#### [Task details]
Return the listing exactly as it appears, but strip out the images.

#### [Supplied material]
-- -- --
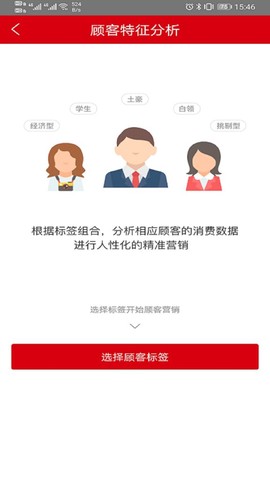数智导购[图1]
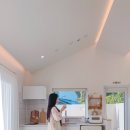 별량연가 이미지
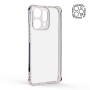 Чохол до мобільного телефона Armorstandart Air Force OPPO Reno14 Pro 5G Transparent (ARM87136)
-- -- --
#### [Reply to the exercise]
数智导购[图1]
 별량연가 이미지
 Чохол до мобільного телефона Armorstandart Air Force OPPO Reno14 Pro 5G Transparent (ARM87136)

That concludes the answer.